DataSheet_1_Production of the SARS-CoV-2 Spike protein and its Receptor Binding Domain in plant cell suspension cultures.pdf

The COVID-19 pandemic, caused by the worldwide spread of SARS-CoV-2, has prompted the scientific community to rapidly develop efficient and specific diagnostics and therapeutics. A number of avenues have been explored, including the manufacture of COVID-related proteins to be used as reagents for diagnostics or treatment. The production of RBD and Spike proteins was previously achieved in eukaryotic cells, mainly mammalian cell cultures, while the production in microbial systems has been unsuccessful until now. Here we report the effective production of SARS-CoV-2 proteins in two plant model systems. We established transgenic tobacco BY-2 and Medicago truncatula A17 cell suspension cultures stably producing the full-length Spike and RBD recombinant proteins. For both proteins, various glycoforms were obtained, with higher yields in Medicago cultures than BY-2. This work highlights that RBD and Spike can be secreted into the culture medium, which will impact subsequent purification and downstream processing costs. Analysis of the culture media indicated the presence of the high molecular weight Spike protein of SARS-CoV-2. Although the production yields still need improvement to compete with mammalian systems, this is the first report showing that plant cell suspension cultures are able to produce the high molecular weight Spike protein. This finding strengthens the potential of plant cell cultures as production platforms for large complex proteins.

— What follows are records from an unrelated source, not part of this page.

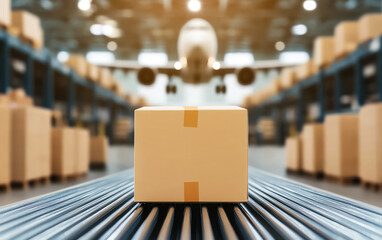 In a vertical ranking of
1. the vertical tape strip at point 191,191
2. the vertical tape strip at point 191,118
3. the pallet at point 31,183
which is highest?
the vertical tape strip at point 191,118

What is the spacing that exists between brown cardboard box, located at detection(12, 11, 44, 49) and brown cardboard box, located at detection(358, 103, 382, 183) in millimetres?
5881

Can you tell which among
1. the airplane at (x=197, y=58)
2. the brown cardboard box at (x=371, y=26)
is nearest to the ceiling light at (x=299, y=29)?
the airplane at (x=197, y=58)

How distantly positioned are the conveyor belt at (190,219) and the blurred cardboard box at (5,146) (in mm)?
1506

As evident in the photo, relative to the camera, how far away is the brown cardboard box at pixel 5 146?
11.4 ft

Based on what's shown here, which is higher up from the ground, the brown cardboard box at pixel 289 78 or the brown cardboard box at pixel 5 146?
the brown cardboard box at pixel 289 78

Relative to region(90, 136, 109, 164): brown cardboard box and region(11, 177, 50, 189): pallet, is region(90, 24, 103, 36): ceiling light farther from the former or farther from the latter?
region(11, 177, 50, 189): pallet

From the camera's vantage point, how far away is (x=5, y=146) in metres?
3.49

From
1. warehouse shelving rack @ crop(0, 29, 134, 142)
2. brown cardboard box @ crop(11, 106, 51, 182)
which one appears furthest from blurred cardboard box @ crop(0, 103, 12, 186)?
warehouse shelving rack @ crop(0, 29, 134, 142)

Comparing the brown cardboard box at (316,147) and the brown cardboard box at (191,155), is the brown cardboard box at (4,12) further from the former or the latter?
the brown cardboard box at (316,147)

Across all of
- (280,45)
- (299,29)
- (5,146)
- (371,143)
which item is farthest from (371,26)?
(280,45)

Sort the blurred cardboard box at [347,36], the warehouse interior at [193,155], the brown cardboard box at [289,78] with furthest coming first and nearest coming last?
the brown cardboard box at [289,78], the blurred cardboard box at [347,36], the warehouse interior at [193,155]

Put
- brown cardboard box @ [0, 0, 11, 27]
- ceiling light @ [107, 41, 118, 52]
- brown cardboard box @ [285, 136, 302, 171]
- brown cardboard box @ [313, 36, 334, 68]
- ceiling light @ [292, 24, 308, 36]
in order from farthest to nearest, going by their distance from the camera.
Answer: ceiling light @ [107, 41, 118, 52]
ceiling light @ [292, 24, 308, 36]
brown cardboard box @ [313, 36, 334, 68]
brown cardboard box @ [285, 136, 302, 171]
brown cardboard box @ [0, 0, 11, 27]

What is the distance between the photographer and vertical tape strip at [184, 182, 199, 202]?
1.88 metres

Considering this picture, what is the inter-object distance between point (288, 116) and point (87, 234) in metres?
13.5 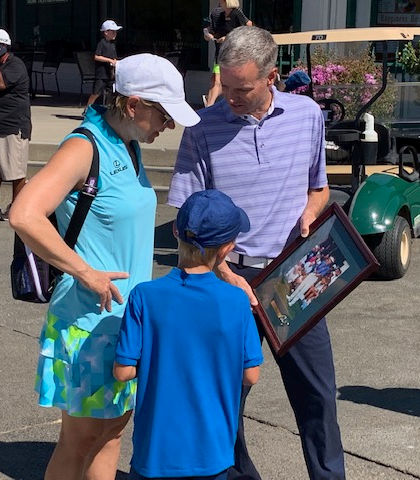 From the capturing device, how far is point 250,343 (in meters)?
3.05

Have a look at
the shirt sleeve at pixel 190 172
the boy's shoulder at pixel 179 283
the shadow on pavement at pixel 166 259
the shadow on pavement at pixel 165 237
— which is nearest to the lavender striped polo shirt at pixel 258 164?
the shirt sleeve at pixel 190 172

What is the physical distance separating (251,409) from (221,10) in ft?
25.0

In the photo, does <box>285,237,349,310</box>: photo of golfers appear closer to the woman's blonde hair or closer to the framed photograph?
the framed photograph

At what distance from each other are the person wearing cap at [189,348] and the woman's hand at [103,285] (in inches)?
6.2

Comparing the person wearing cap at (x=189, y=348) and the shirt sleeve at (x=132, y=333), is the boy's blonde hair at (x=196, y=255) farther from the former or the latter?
the shirt sleeve at (x=132, y=333)

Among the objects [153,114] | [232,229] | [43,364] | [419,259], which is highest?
[153,114]

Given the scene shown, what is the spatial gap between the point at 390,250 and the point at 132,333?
4878 millimetres

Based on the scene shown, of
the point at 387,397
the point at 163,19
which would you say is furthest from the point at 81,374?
the point at 163,19

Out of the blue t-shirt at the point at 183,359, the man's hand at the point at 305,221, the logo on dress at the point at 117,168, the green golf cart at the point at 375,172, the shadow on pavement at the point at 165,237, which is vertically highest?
the logo on dress at the point at 117,168

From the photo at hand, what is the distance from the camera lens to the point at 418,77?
32.1 feet

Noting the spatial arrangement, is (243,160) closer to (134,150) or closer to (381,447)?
(134,150)

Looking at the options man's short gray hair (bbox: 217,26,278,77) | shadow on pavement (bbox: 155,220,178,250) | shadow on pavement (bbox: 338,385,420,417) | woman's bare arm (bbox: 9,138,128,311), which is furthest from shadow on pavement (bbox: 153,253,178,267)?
woman's bare arm (bbox: 9,138,128,311)

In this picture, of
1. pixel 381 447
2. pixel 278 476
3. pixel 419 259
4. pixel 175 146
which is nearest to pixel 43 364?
pixel 278 476

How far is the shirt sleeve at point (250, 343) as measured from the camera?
3043 millimetres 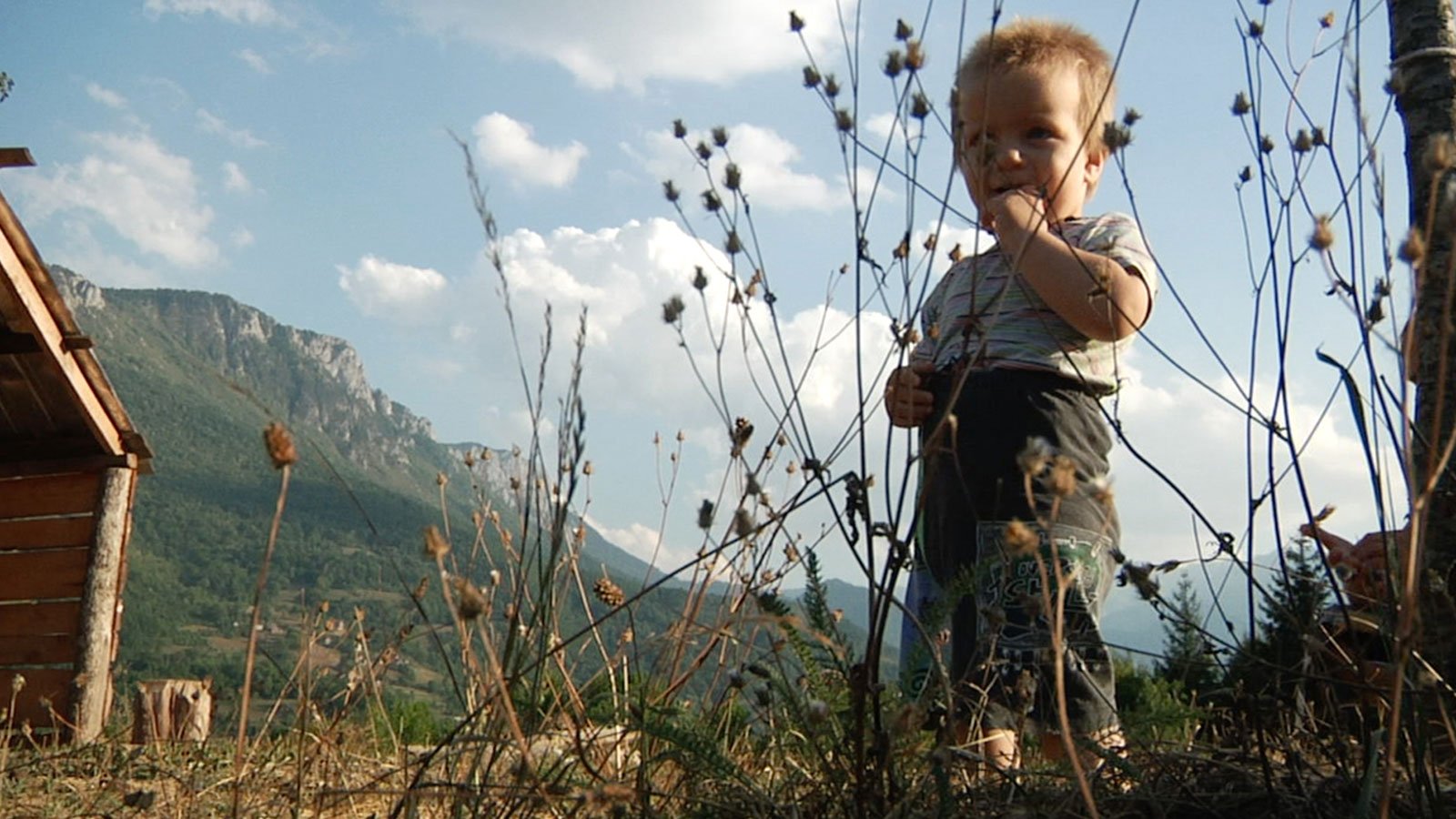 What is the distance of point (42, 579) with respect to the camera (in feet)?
23.6

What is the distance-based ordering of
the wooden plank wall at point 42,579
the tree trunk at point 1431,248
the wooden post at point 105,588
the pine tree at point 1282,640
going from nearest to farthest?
the pine tree at point 1282,640, the tree trunk at point 1431,248, the wooden post at point 105,588, the wooden plank wall at point 42,579

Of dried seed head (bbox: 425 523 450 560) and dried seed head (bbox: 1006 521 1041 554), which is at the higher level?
dried seed head (bbox: 1006 521 1041 554)

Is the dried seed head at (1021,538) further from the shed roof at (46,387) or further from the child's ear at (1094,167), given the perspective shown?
the shed roof at (46,387)

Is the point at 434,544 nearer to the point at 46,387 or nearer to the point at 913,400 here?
the point at 913,400

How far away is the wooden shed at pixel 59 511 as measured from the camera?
661 centimetres

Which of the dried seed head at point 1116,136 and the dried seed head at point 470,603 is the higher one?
the dried seed head at point 1116,136

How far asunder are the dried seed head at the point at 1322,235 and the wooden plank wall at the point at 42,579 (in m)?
7.31

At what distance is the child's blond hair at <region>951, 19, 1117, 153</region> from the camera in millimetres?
2260

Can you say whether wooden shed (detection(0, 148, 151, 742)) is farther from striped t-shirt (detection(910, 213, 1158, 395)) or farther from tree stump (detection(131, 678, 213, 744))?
striped t-shirt (detection(910, 213, 1158, 395))

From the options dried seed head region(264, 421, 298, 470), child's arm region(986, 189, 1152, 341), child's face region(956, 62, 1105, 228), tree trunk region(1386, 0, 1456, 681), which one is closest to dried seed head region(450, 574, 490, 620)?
dried seed head region(264, 421, 298, 470)

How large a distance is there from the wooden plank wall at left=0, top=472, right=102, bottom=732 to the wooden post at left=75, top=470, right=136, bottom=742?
0.07 meters

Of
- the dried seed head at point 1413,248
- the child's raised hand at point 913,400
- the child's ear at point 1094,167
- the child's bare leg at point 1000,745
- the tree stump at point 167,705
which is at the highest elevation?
the child's ear at point 1094,167

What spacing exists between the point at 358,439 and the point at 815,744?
20049cm

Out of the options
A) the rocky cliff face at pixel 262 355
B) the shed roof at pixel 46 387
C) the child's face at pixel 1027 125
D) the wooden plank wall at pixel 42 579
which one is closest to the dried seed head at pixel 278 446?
the child's face at pixel 1027 125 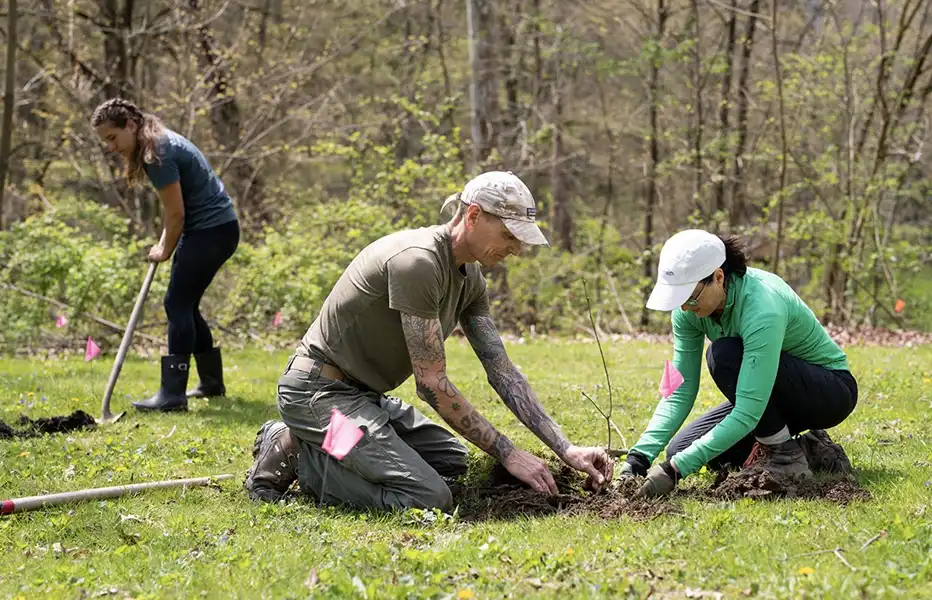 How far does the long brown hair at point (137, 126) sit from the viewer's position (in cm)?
588

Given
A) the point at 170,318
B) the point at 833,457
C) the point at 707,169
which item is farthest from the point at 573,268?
the point at 833,457

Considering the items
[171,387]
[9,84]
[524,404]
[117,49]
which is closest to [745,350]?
[524,404]

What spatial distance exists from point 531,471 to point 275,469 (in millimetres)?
1312

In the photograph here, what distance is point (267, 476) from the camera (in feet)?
14.6

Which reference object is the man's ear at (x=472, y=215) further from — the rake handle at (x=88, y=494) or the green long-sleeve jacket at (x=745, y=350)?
the rake handle at (x=88, y=494)

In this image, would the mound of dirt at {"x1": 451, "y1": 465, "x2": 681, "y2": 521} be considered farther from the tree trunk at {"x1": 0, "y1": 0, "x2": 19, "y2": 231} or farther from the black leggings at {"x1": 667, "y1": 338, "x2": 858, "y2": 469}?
the tree trunk at {"x1": 0, "y1": 0, "x2": 19, "y2": 231}

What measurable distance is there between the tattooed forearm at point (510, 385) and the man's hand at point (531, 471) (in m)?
0.17

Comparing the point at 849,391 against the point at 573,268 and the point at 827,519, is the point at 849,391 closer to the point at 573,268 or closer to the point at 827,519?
the point at 827,519

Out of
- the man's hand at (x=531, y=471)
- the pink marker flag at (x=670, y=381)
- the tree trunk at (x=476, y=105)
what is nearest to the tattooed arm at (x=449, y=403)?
the man's hand at (x=531, y=471)

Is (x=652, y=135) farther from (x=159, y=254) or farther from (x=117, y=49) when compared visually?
(x=159, y=254)

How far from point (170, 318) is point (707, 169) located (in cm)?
1230

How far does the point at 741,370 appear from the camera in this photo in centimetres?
391

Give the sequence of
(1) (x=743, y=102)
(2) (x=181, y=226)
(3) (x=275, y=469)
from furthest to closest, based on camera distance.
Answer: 1. (1) (x=743, y=102)
2. (2) (x=181, y=226)
3. (3) (x=275, y=469)

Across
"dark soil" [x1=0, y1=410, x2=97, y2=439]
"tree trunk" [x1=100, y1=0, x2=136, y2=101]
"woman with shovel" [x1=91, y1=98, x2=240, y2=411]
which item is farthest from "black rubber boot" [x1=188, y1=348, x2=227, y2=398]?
"tree trunk" [x1=100, y1=0, x2=136, y2=101] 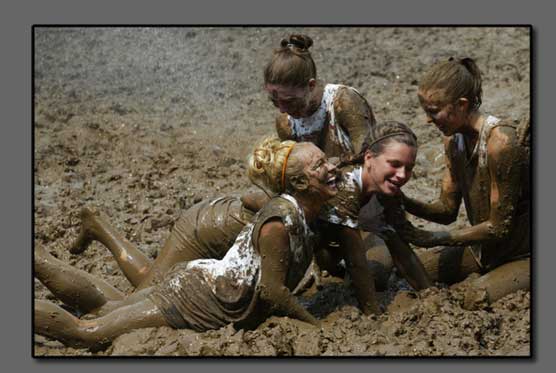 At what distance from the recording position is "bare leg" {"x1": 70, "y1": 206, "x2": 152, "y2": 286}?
4785 mm

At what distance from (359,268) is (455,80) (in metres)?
0.81

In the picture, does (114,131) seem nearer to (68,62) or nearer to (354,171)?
(68,62)

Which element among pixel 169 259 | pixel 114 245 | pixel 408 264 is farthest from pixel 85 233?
pixel 408 264

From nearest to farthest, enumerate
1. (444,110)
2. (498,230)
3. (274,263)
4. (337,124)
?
1. (274,263)
2. (444,110)
3. (498,230)
4. (337,124)

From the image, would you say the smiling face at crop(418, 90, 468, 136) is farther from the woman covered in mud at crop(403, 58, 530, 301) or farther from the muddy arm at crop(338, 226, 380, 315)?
the muddy arm at crop(338, 226, 380, 315)

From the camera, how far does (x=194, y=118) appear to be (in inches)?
255

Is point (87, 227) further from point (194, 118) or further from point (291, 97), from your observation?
point (194, 118)

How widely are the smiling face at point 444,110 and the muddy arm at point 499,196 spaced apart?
14 centimetres

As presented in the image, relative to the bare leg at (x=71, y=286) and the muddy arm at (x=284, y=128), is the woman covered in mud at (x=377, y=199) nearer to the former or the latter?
the muddy arm at (x=284, y=128)

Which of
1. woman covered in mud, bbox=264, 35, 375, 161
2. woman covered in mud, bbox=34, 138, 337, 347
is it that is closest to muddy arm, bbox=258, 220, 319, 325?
woman covered in mud, bbox=34, 138, 337, 347

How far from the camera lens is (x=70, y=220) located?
17.9 ft

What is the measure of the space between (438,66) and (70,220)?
1968mm

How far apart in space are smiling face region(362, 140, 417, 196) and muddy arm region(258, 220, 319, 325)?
1.48 feet

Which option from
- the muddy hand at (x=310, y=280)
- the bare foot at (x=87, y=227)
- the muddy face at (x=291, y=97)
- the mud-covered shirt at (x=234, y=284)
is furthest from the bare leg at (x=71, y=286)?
the muddy face at (x=291, y=97) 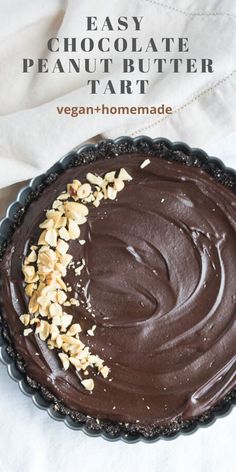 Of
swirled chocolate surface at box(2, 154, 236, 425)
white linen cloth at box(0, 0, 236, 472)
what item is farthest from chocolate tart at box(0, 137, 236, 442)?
white linen cloth at box(0, 0, 236, 472)

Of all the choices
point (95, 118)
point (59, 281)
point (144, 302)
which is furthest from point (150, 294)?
point (95, 118)

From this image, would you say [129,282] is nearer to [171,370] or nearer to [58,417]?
[171,370]

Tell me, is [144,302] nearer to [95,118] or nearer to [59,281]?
A: [59,281]

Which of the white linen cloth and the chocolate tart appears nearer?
the chocolate tart

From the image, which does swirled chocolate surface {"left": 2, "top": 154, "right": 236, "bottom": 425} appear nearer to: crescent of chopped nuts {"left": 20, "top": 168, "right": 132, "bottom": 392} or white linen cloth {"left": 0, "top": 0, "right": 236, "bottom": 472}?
crescent of chopped nuts {"left": 20, "top": 168, "right": 132, "bottom": 392}

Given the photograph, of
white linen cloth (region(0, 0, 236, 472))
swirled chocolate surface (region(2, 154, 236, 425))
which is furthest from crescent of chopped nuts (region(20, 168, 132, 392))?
white linen cloth (region(0, 0, 236, 472))

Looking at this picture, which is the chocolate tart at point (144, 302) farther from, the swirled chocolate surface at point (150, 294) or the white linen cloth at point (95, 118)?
the white linen cloth at point (95, 118) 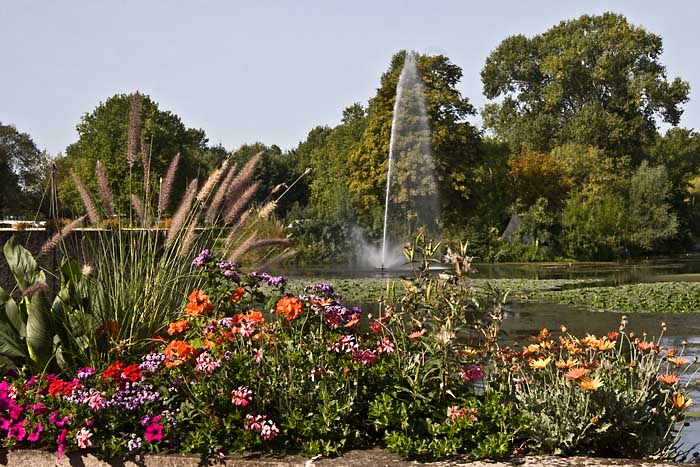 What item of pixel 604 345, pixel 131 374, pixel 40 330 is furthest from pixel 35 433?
Result: pixel 604 345

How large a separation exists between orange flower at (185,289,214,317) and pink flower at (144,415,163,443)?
80 centimetres

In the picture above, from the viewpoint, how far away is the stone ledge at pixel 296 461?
335 centimetres

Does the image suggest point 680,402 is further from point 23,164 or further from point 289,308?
point 23,164

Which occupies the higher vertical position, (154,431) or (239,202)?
(239,202)

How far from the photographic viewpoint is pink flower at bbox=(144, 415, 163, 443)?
3562mm

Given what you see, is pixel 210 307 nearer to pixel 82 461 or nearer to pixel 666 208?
pixel 82 461

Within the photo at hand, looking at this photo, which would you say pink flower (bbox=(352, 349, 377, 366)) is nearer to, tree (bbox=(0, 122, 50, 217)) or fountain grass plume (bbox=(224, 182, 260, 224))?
fountain grass plume (bbox=(224, 182, 260, 224))

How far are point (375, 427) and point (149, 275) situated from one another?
185cm

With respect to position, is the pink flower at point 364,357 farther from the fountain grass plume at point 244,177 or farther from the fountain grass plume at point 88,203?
the fountain grass plume at point 88,203

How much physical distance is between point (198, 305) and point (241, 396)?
864 mm

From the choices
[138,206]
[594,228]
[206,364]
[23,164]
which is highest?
[23,164]

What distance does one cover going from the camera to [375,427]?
12.0ft

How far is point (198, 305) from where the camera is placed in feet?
14.3

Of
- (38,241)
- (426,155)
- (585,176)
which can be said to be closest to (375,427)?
(38,241) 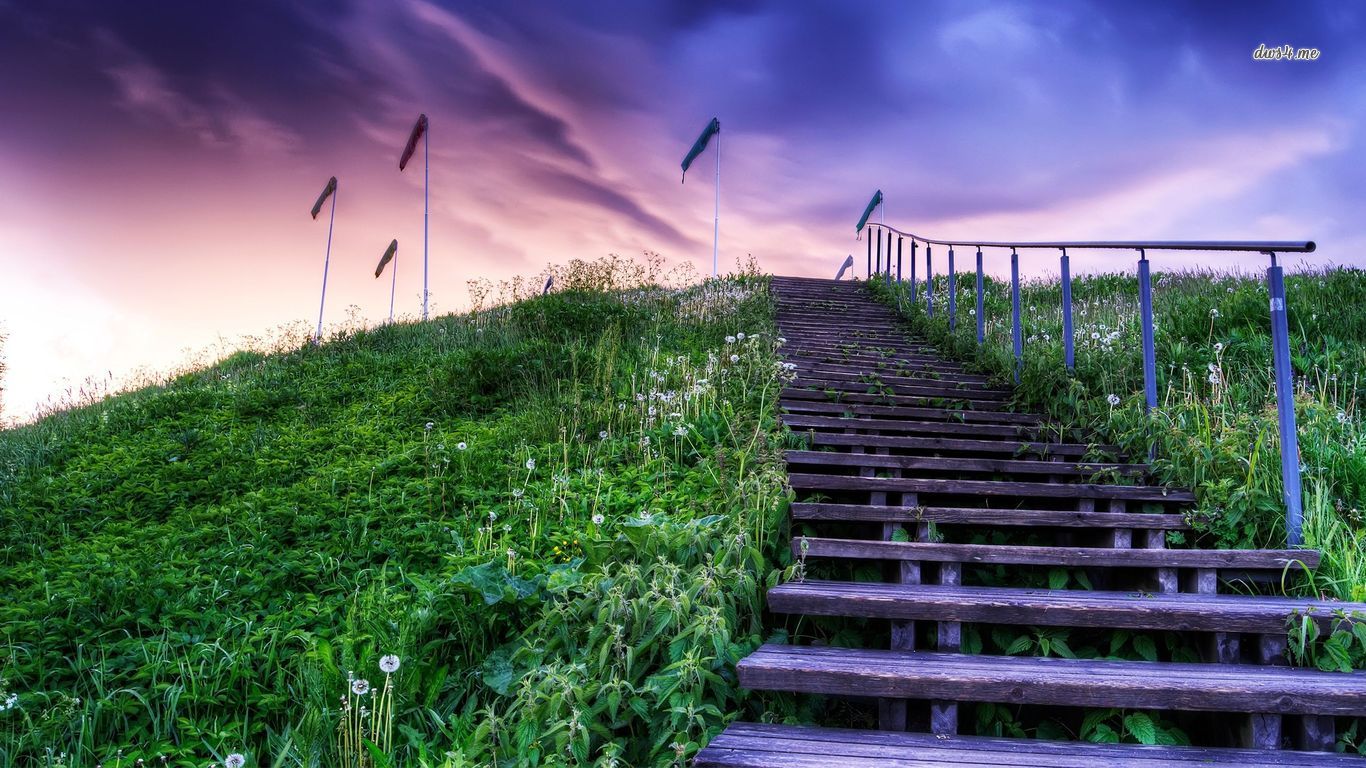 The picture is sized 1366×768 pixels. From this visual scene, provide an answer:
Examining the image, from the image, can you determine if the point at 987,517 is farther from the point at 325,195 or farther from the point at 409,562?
the point at 325,195

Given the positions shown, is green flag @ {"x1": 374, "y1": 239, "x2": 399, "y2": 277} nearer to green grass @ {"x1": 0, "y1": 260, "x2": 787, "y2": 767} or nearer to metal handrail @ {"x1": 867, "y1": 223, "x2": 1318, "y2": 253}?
green grass @ {"x1": 0, "y1": 260, "x2": 787, "y2": 767}

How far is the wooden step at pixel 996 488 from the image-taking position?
431cm

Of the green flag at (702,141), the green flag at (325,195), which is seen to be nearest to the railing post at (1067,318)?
the green flag at (702,141)

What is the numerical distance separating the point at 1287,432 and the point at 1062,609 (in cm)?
195

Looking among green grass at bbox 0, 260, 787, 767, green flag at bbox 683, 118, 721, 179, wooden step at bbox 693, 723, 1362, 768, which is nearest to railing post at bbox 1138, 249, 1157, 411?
green grass at bbox 0, 260, 787, 767

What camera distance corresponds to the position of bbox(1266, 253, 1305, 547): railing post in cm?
382

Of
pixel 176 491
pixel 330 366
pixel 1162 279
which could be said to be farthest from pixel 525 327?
pixel 1162 279

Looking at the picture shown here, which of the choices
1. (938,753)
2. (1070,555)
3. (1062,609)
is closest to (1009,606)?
(1062,609)

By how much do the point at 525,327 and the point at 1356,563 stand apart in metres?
10.3

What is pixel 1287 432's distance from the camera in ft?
12.7

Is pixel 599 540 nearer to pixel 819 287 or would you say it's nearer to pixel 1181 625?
pixel 1181 625

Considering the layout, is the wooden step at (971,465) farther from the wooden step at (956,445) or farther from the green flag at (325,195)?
the green flag at (325,195)

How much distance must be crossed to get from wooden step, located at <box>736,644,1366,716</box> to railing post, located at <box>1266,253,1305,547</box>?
1.37 m

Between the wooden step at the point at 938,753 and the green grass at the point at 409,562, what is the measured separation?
17 cm
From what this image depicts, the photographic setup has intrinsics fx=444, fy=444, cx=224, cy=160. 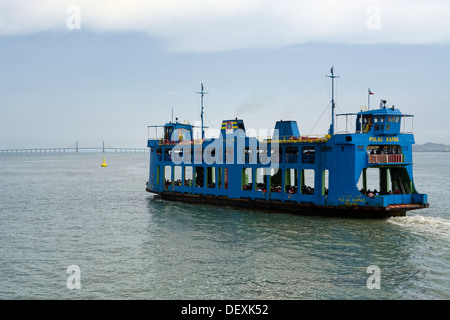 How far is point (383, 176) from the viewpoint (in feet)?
123

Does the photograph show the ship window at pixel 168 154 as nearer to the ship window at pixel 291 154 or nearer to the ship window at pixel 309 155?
the ship window at pixel 291 154

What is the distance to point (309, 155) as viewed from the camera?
36.0m

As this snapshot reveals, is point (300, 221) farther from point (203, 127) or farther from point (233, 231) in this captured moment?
point (203, 127)

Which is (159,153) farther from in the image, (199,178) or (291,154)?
(291,154)

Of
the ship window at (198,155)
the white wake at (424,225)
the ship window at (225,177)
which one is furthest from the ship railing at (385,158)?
the ship window at (198,155)

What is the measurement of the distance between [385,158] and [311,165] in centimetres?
570

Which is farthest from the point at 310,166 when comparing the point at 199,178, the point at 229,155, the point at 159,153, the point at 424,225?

由严重急性呼吸综合征冠状病毒2型（SARS-CoV-2）全球大流行引发的新型冠状病毒肺炎（COVID-19）疫情，促使全球科研界快速研发高效且具有特异性的诊断方法与治疗手段。目前科研团队已探索了多种技术路径，包括制备用于诊断或治疗的新冠相关蛋白试剂。此前，受体结合域（Receptor Binding Domain, RBD）与刺突蛋白（Spike）已在真核细胞（主要为哺乳动物细胞培养体系）中成功表达，但截至目前，微生物表达体系仍无法实现这两类蛋白的有效生产。本研究首次报道了在两种植物模型系统中高效表达SARS-CoV-2蛋白的成果：我们构建了可稳定表达全长刺突蛋白与受体结合域重组蛋白的转基因烟草BY-2悬浮细胞系，以及蒺藜苜蓿（Medicago truncatula）A17悬浮细胞系。两类蛋白均获得了多种糖型，且在蒺藜苜蓿培养体系中的蛋白产量高于烟草BY-2体系。本研究证实，RBD与刺突蛋白可被分泌至细胞培养基中，这将对后续纯化工艺及下游处理成本产生直接影响。对细胞培养基的分析结果显示，其中存在SARS-CoV-2的高分子量刺突蛋白。尽管当前蛋白产量仍需提升，方能与哺乳动物表达体系形成竞争，但本研究首次证实植物细胞悬浮培养体系可生产高分子量刺突蛋白。这一发现进一步强化了植物细胞培养作为大型复杂蛋白生产平台的应用潜力。